**Data extracts:**
"""

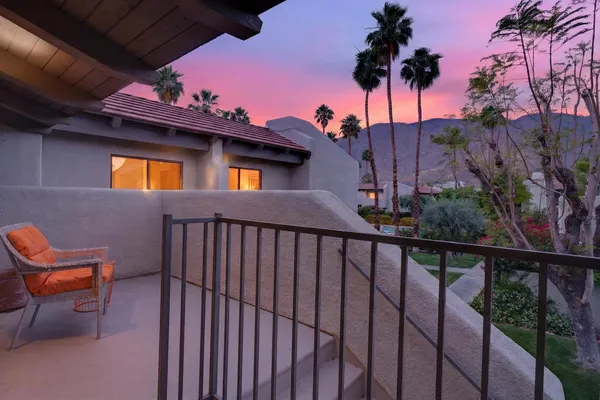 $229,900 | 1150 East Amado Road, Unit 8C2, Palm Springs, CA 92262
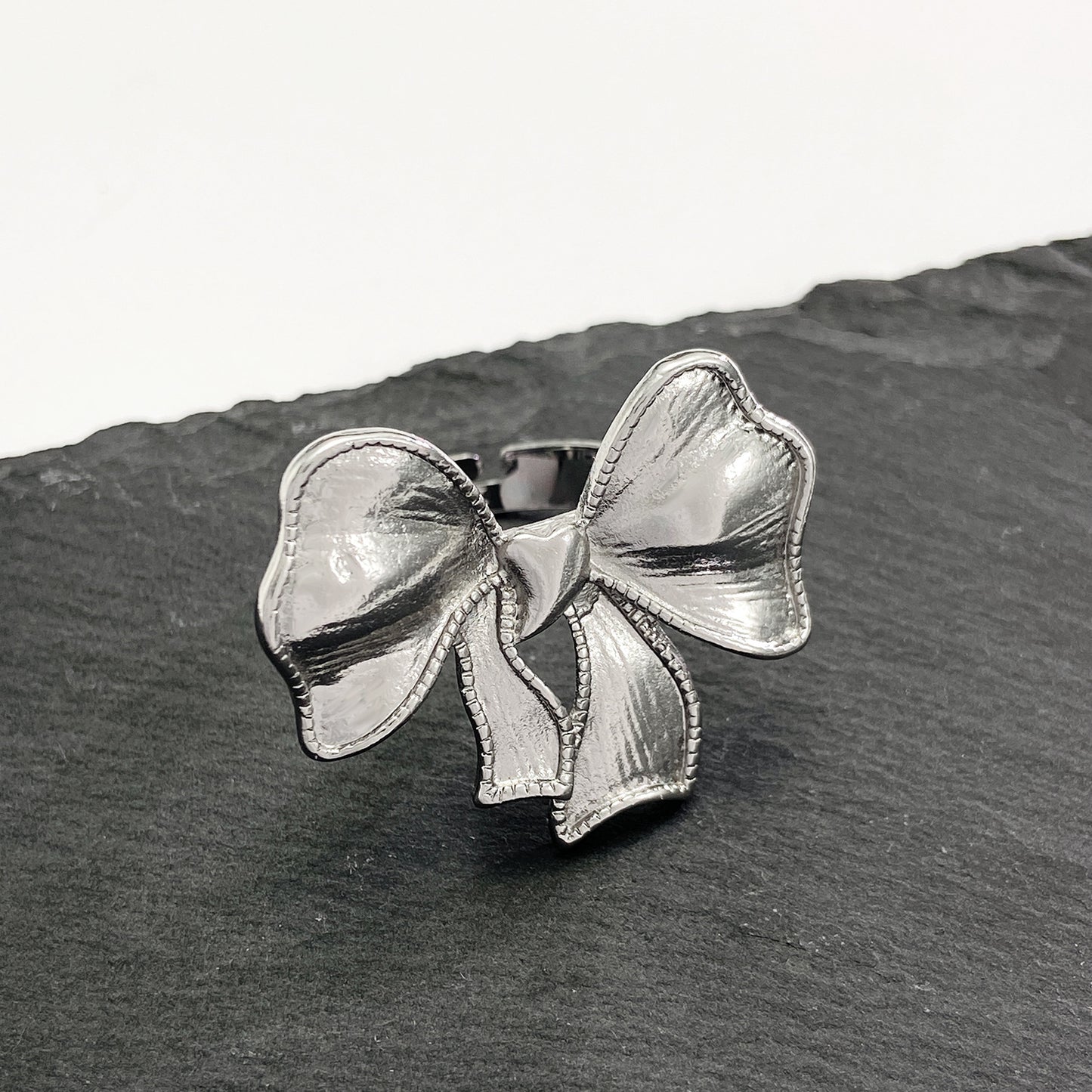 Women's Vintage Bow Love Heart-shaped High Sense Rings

"""
"""

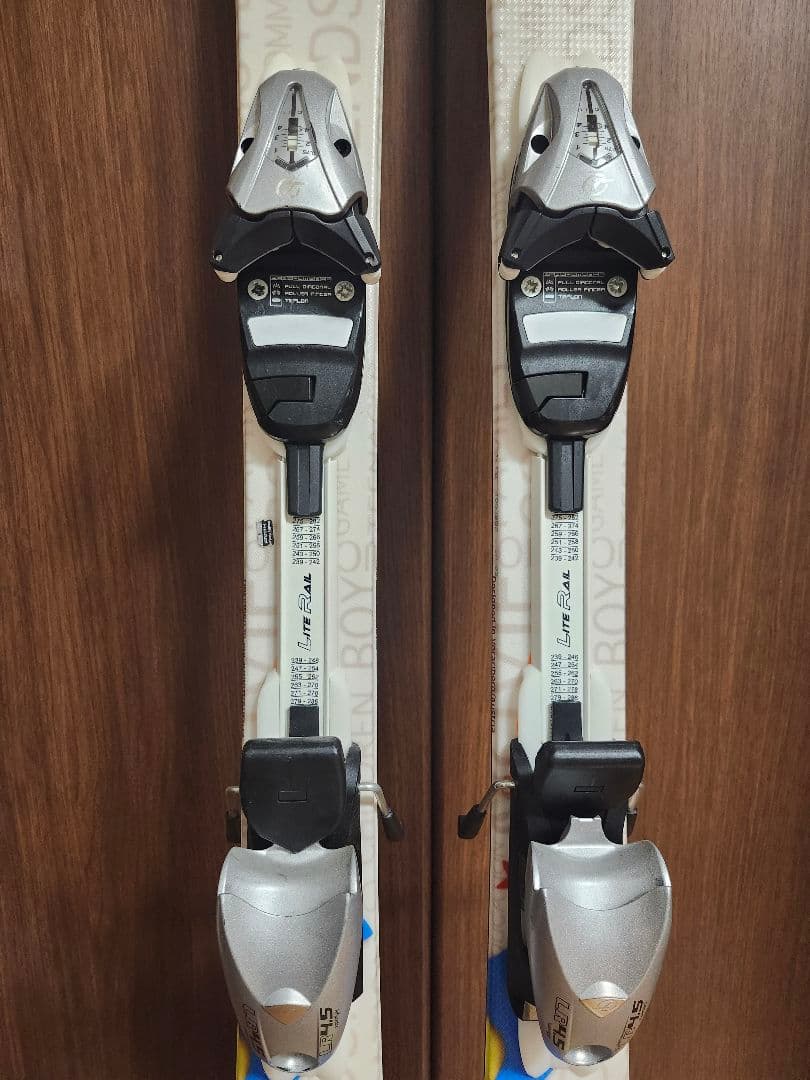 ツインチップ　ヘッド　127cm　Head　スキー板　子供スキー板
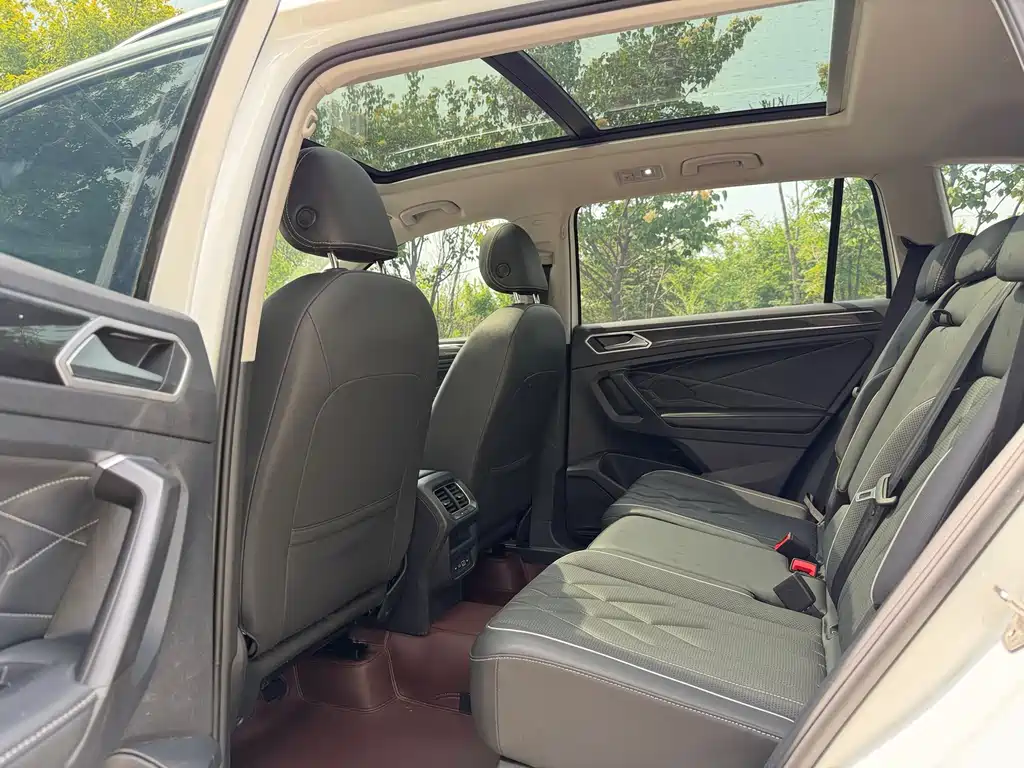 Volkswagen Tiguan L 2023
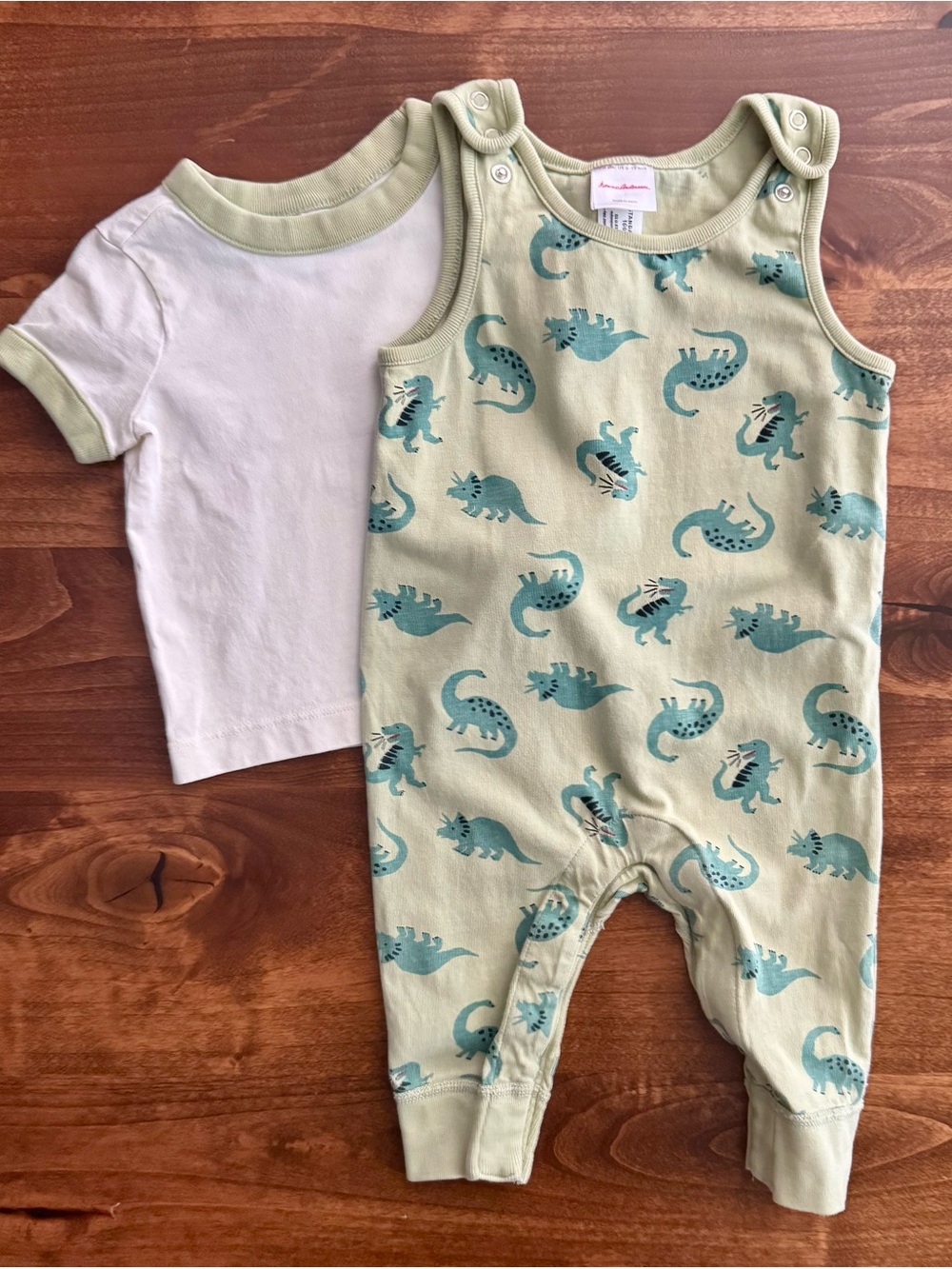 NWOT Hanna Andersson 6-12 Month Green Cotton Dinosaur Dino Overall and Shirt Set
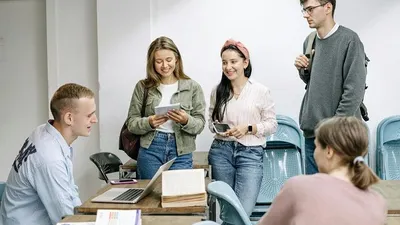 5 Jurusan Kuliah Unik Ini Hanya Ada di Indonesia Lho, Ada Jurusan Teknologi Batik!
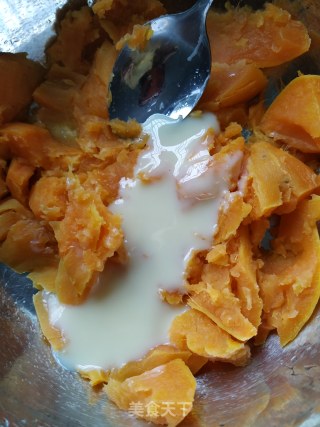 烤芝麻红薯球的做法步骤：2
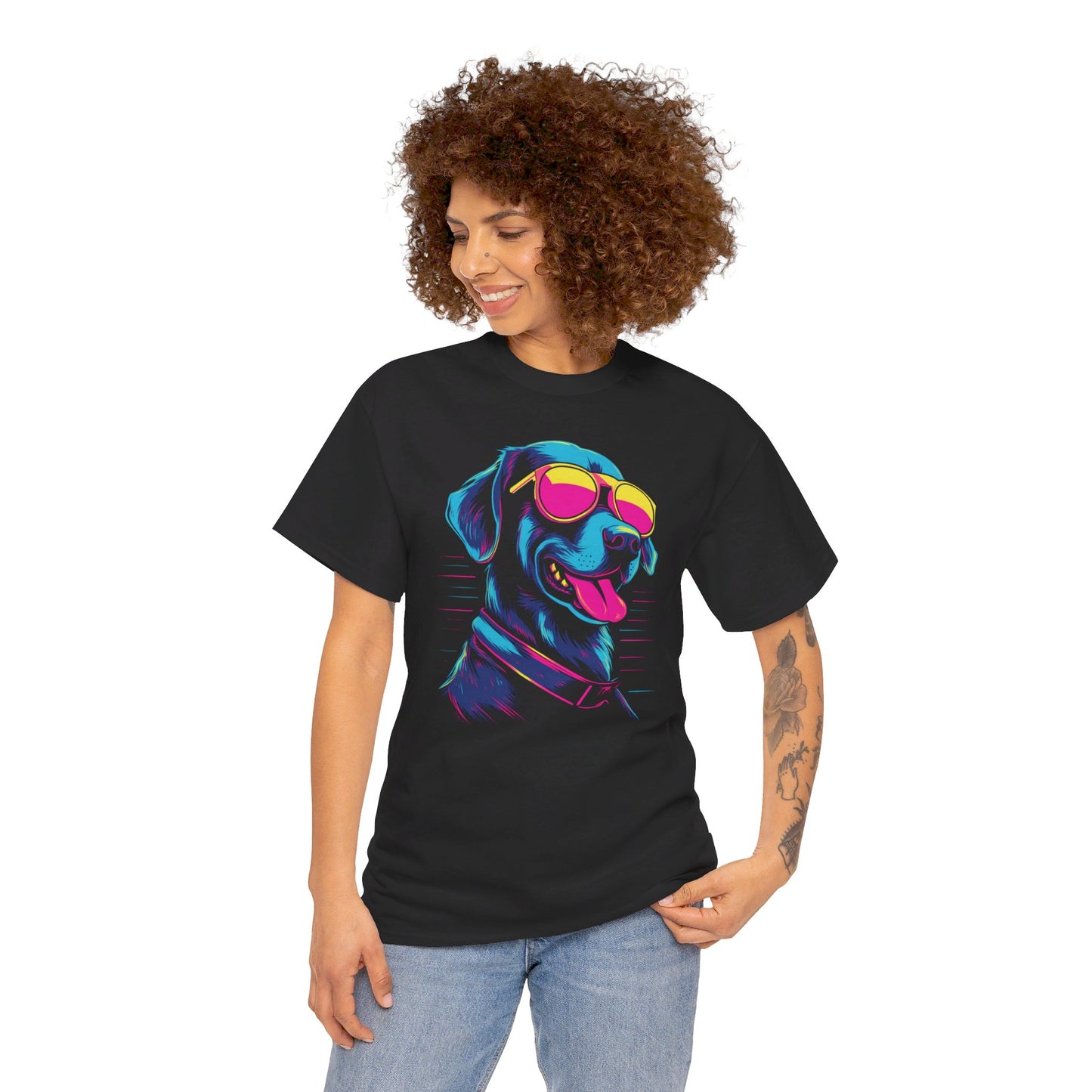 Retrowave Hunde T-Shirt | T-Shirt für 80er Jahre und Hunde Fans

"""

**Aim of the task:** Reproduce the listing above only between the lines holding "ツインチップ　ヘッド　127cm　Head　スキー板　子供スキー板" and "Retrowave Hunde T-Shirt", inclusive. Every line must match exactly, and pictures are dropped.

**Expected output:**
 ツインチップ　ヘッド　127cm　Head　スキー板　子供スキー板
 Volkswagen Tiguan L 2023
 NWOT Hanna Andersson 6-12 Month Green Cotton Dinosaur Dino Overall and Shirt Set
 5 Jurusan Kuliah Unik Ini Hanya Ada di Indonesia Lho, Ada Jurusan Teknologi Batik!
 烤芝麻红薯球的做法步骤：2
 Retrowave Hunde T-Shirt | T-Shirt für 80er Jahre und Hunde Fans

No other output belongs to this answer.